Jacqui Goddard, Catfish Pass
Fish are leaping, a dolphin is cruising behind the boat and six brown pelicans have just flown overhead in a perfect V-formation like a display team. When Captain Sam Elliott cuts the engine, the only sound is the water lapping against the hull and the cry of gulls.
On the outer reaches of Louisiana’s marshlands, a 75-minute high-speed boat ride from the last inhabited community, it appears that the only powers at work are the forces of Nature. Yet just a few miles away, the forces of Man are leaving their mark.
Now gushing from the seabed at what BP admits may be as much as 210,000 gallons a day, crude oil is slicking its way through an area described by President Obama after a flyover last weekend as “one of the richest and most beautiful ecosystems on the planet”.
This corner of the ecosystem has its future pinned on protective booms being assembled here — a thin orange line of plastic barriers that snakes through the waters of Catfish Pass on the edge of Breton Sound, across hummocks of grass and earthy outcrops, into the distance.
If the line holds, thousands of acres of wetlands, valuable fishing grounds and oyster beds may be spared. But progress is unavoidably slow, the area yet to be covered is vast, the booms may be overlapped by the waves or pushed away by the winds, and thousands of square miles of ocean beyond are already contaminated.
“A needle in a haystack, that’s all this is,” says Captain Elliott, as Champion, his 21ft sports fishing vessel rocks gently beside the boom. “It still hasn’t sunk in yet that what’s happening out there is real. All that oil coming at us. If it gets through here, we won’t be able to fish here again for a few years. It’s like going to a funeral.”
All morning a fleet of vessels has been working to lay the barriers. First a length is dropped from one of the 12 oyster-dredging boats that BP has hired from fishermen; then helpers on smaller vessels anchor it in place.
On Tuesday conditions were challenging — 25mph (40km/h) winds, lashing rain and strong currents — and the frustrated cursing of the boom teams, led by professional oil spill handlers, could be heard over the radio.

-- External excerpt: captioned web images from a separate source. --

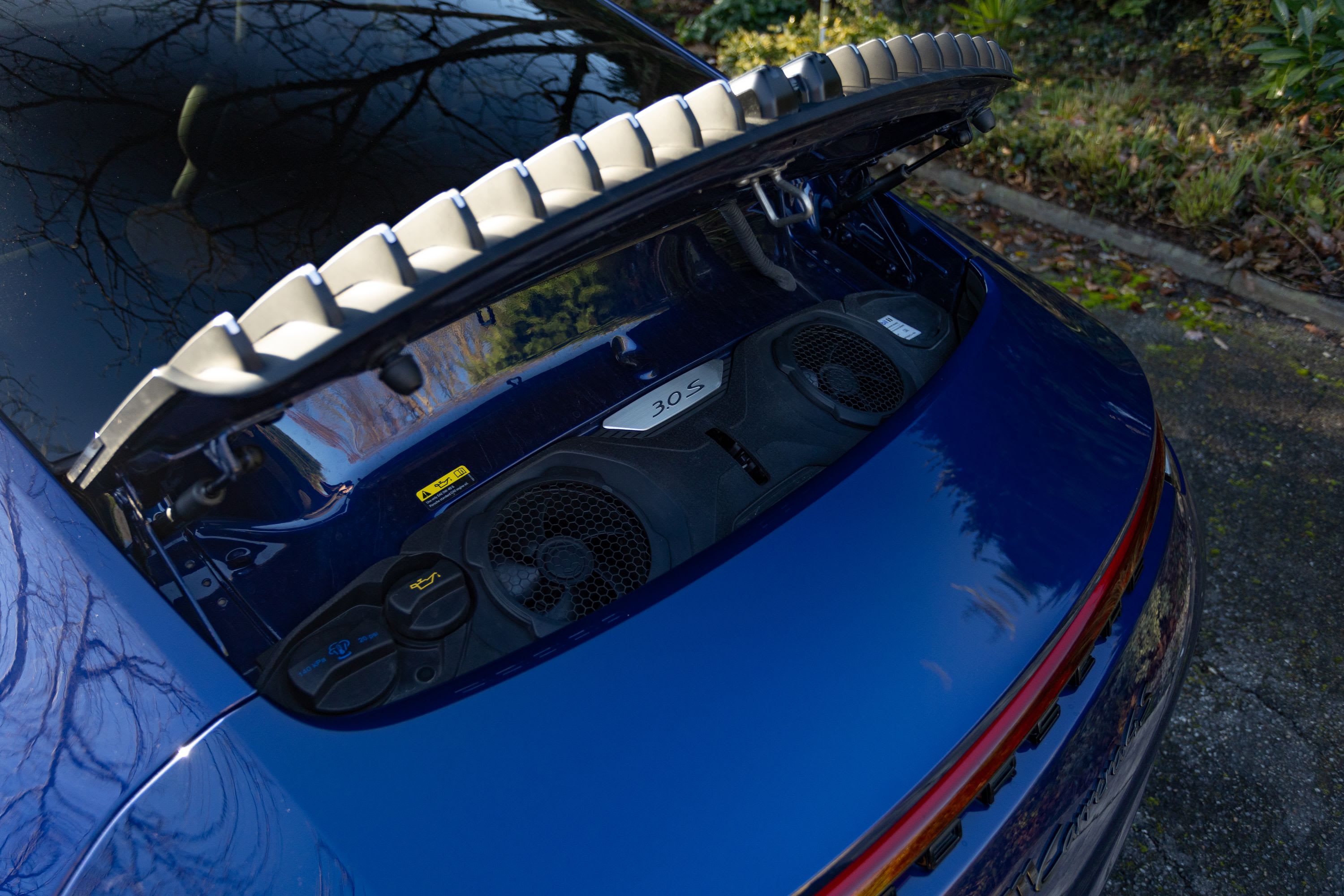 PORSCHE 911 992.1 Carrera 4s 2021 occasion mécanique (1)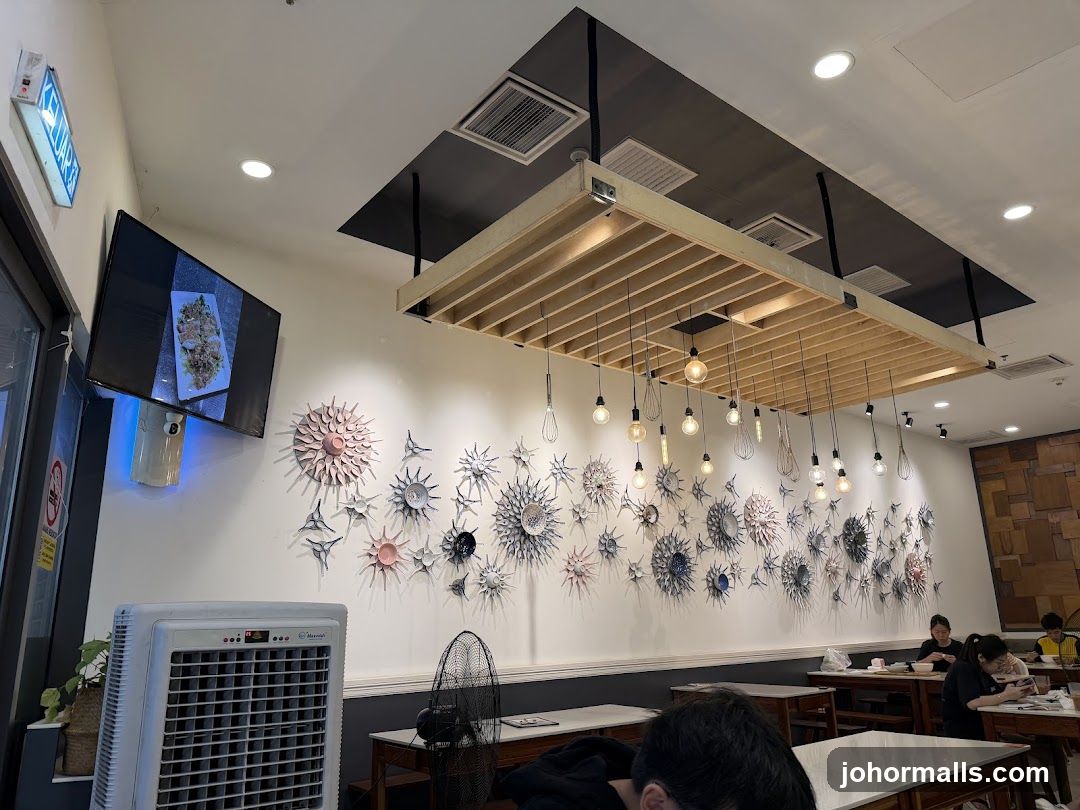 Restaurant Interior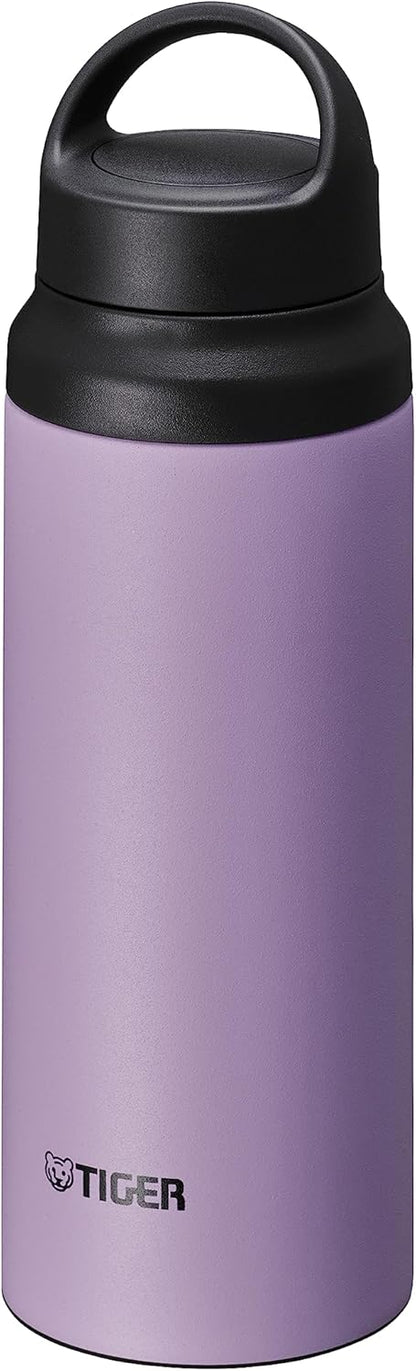 Tiger 600ml Thermal Vacuum Insulated Bottle MCZ-S060 VZ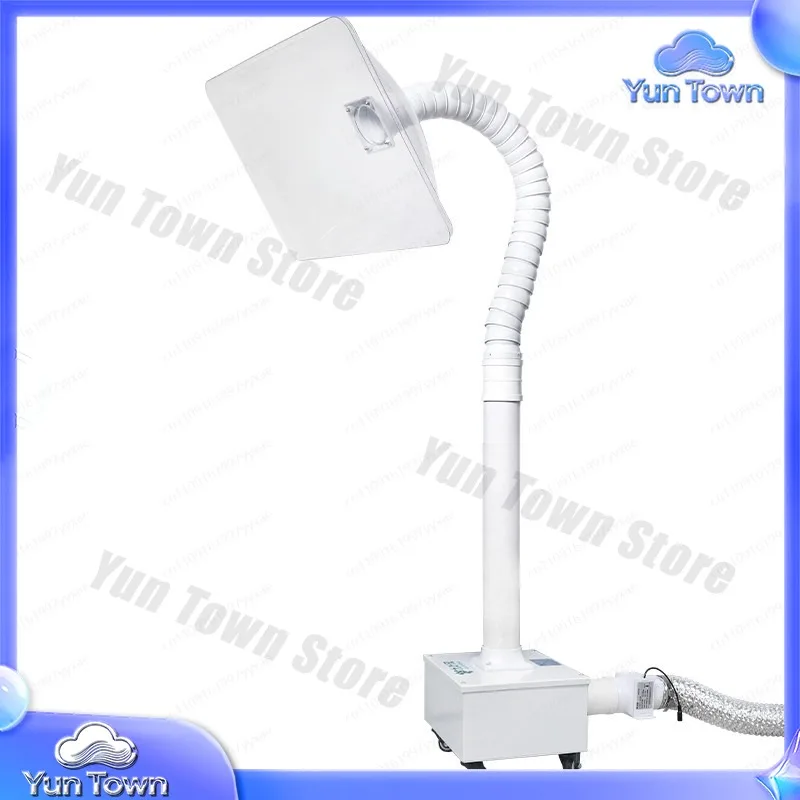 Moxibustion Smoke Exhaust Machine for Household Mobile Smoking Device and Moxibustion Smoke Purifier
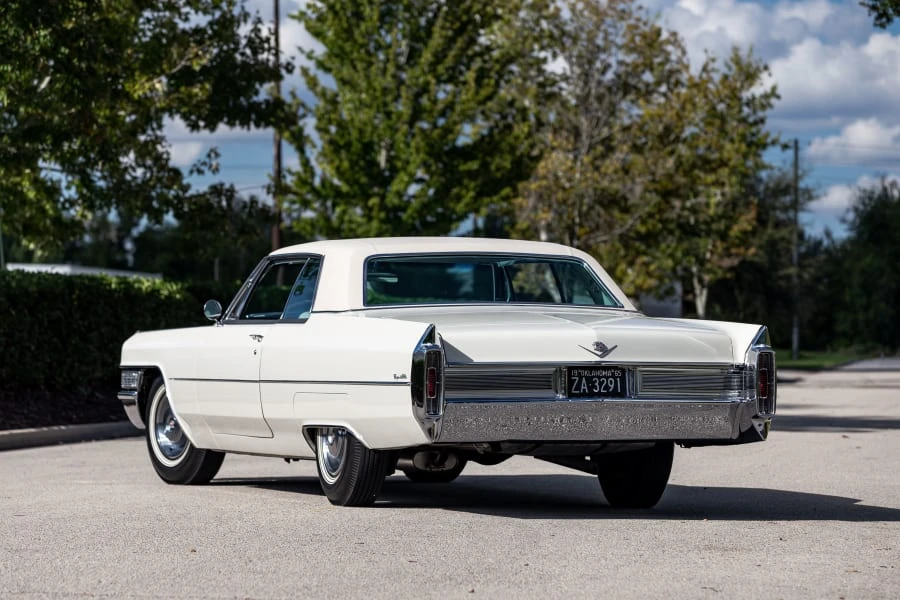 1965 Cadillac DeVille 3rd Gen - Image 2 of 12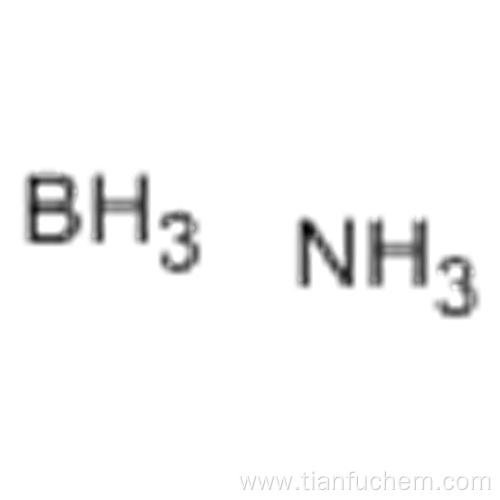 Borane ammonia complex CAS 13774-81-7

Yesterday, weather and tempers were calmer, and progress was swift enough that by early afternoon there was no more boom left to lay, and the flotilla was wending its way back through the bayous to home base in Hopedale, on a sliver of land one hour east of New Orleans.
Captain C. T. Williams, a charter fishing skipper based at Hopedale, has known these backwaters for 30 years.
“It’s a waterman’s paradise. If you are here long enough, it’s very hard not to become addicted to it,” he says. “We have something very rare here — it’s not just like a mom saying, ‘My baby is pretty’. There’s something about it that’s just unique and compelling and humbling.”
Resident animals include racoons, rabbits, deer, feral hogs, coyotes, snakes, alligators, grey heron, blue heron, osprey and nutria — a semi-aquatic rodent known as a pest because of its destructive burrowing habits.
“The nutria is an outlaw, it’s a kill-on-sight thing, and yet I swear we’re going to see it at some animal rescue place getting a bath if that oil comes in,” Captain Williams jokes.
The slick, now believed to have overtaken the scale of the Exxon Valdez spill off Alaska 21 years ago, has been meandering around the Gulf of Mexico for two weeks, growing bigger by the day, after an explosion on the Deepwater Horizon drilling rig.
Louisiana, Mississippi, Alabama and Florida are all in emergency mode, laying defences and planning for a coastal catastrophe as changing winds and currents make the slick’s path uncertain.
Captain Williams refuses to let the gloom set in as the world’s worst oil disaster threatens this treasured wilderness. “There’s a lot at stake here and everyone talks about the potential devastation: being put out of business; not having an oyster industry for ten years.
“But as it is today, we have a prayer. I’ll roll the dice if I think there’s a good chance of something, and in this case I believe we can make things happen, I really do.
“I am an optimist. I still have great hope even though it’s a monster that’s still being born out there.”